L’ assemblée du 22 janvier 2014 a adopté la résolution n°10 dans les termes qui suivent :

' L’assemblée générale des copropriétaires prend acte des nuisances de bruit dont se plaint Mme [P] et dont elle a déjà été informée par le syndic lors d’une précédente assemblée générale.

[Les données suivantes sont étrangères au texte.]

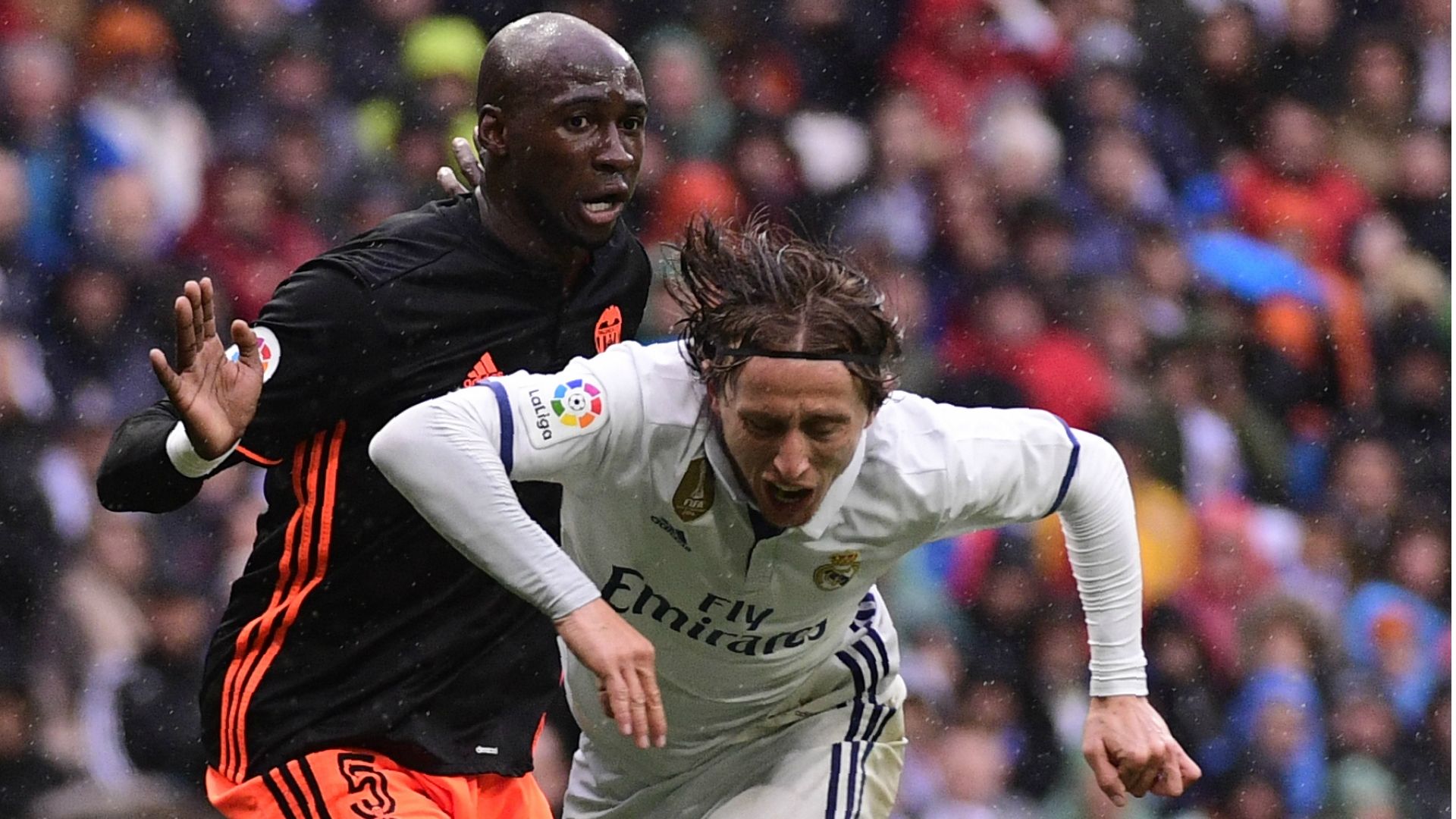 Luka Modric Eliaquim Mangala Real Madrid Valencia LaLiga 29042017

Elle prend connaissance du rapport de mesurage de bruits de voisinage effectué par le cabinet Polyexpert à la demande de Mme [P] dans son appartement et les différents échanges de courriers entre le conseil de Mme [P], le syndic et Me [X] [D], représentant les intérêts de la copropriété. – Elle décide, en conséquence de ce qui précède, d’autoriser Mme [P] à mandater le cabinet Polyexpert à étendre le mesurage de bruits aux appartements et parties communes voisines pour déterminer plus précisément la source du bruit constaté, à la condition expresse qu’elle en assume seule le coût quelque soit le résultat obtenu.Il est effectivement précisé que le bruit mesuré par le cabinet Polyexpert ne peut être considéré comme un bruit illicite au regard de la règlementation.'

Le rapport de ce cabinet en date du 19 août 2013 mentionne en effet l’existence d’une source de bruit importante hors du champ réglementaire à 50Hz, mais d’origine inconnue et dont il convient de rechercher la source.

Depuis lors, Mme [P] a obtenu, suivant ordonnance de référé rendue le 3 juin 2014, la désignation d’un expert judiciaire qui a établi son rapport le 18 mai 2015 et conclu, sans que cela soit contredit, que c’est le compresseur du réfrigérateur de Mme [P] qui était à l’origine de la nuisance sonore.

Il n’empêche que l’abus de majorité s’apprécie au moment où l’assemblée statue.

Or, imposer à Mme [P] d’assumer les frais d’expertise amiable quel que soit le résultat des investigations était abusif en ce que Mme [P] se trouvait empêchée d’en solliciter le remboursement auprès du syndicat dans le cas où les nuisances provenaient de parties communes, rompant ainsi à son détriment l’égalité des copropriétaires devant les charges communes.

Le jugement entrepris sera donc réformé de ce chef.

Sur les dépens et les frais irrépétibles

Mme [P] qui demeure partie succombante même pour partie doit être condamnée aux dépens d’appel, ainsi qu’à payer la somme de 1500 € au titre des frais irrépétibles exposés devant la cour par l’intimé, sans qu’il soit besoin de statuer à nouveau sur ce qui a été tranché de ces chefs par le tribunal.

PAR CES MOTIFS :

La cour,

Réforme le jugement du tribunal de grande instance d’Aix en Provence en date du 10 mai 2016, mais seulement en ce qu’il a débouté Mme [P] de sa demande en annulation de la résolution n°10 de l’assemblée qui s’est tenue le 22 janvier 2014,

Statuant à nouveau de ce chef,

Prononce la nullité de la résolution n°10 prise par l’assemblée générale du 22 janvier 2014,

Confirme le jugement dans le surplus de ses dispositions,

Condamne Mme [R] [P] aux dépens d’appel, ainsi qu’à payer au syndicat des copropriétaires [Adresse 1] la somme de 1500 € sur le fondement de l’article 700 du code de procédure civile,

Dit que les dépens d’appel seront recouvrés conformément aux dispositions de l’article 699 du même code.